SDOclust Evaluation Tests
conducted for the paper: SDOclust: Clustering with Sparse Data Observers
Context and methodology
SDOclust is a clustering extension of the Sparse Data Observers (SDO) algorithm. SDOclust uses data observers as graph nodes and cluster them considering connected components and local thresholding. Observers' labels are subsequently propagated to data points.
In this repository, SDOclust is evaluated with 15 two-dimensional synthetic datasets, 138 multi-dimensional synthetic datasets, and 2 real-application datasets, and compared with HDBSCAN and k-means-- algorithms.
This repository is framed within the research on the following domains: algorithm evaluation, clustering, unsupervised learning, machine learning, data mining, data analysis. Datasets and algorithms can be used for experiment replication and for further clustering evaluation and comparison.
Technical details
Experiments are conducted in Python 3. The file and folder structure is as follows:
[data2d] contains 15 two-dimensional datasets as CSV files (last column is the label).
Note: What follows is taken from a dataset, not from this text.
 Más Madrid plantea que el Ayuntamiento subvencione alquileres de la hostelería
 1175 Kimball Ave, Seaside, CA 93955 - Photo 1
[dataMd] contains 138 multi-dimensional datasets as CSV files (last column is the label).
[dataReal] contains 2 real/application datases as CSV files (last column is the label).
[plots] contains plots (.png, .pdf) with results generated by test scripts.
[tables] contains tables (.csv, .tex) with results generated by test scripts.
[cddiag] contain scripts for generating critical difference diagrams with Wilcoxon signed rank tests and plots from conducted tests.
"dependencies.py" installs required python packages.
"tests_2d.py" runs 2d experiments.
"tests_Md.py" runs multi-dimensional experiments.
"test_mawi.py" runs experiments with real network traffic data from MAWI captures.
"test_sirena.py" runs experiments with real electricity consumption data from the Sirena project.
"sdo.py" implements sdoclust functions.
"pamse2d.py" runs sensitivity analysis on SDOclust parameters.
"update_test.py" shows an example of SDOclust working in update modus,
"gbc.py" contains functions for the graph-based clustering implementation (based on https://github.com/dayyass/graph-based-clustering).
"kmeansmm.py" is the k-means-- implementation (based on https://github.com/Strizzo/kmeans--).
"LICENSE" file.
"README.md" for further details, link to sources and instructions for reproducibility.
License
The CC-BY license applies to all data generated with MDCgen. All distributed code is under the GNU GPL license.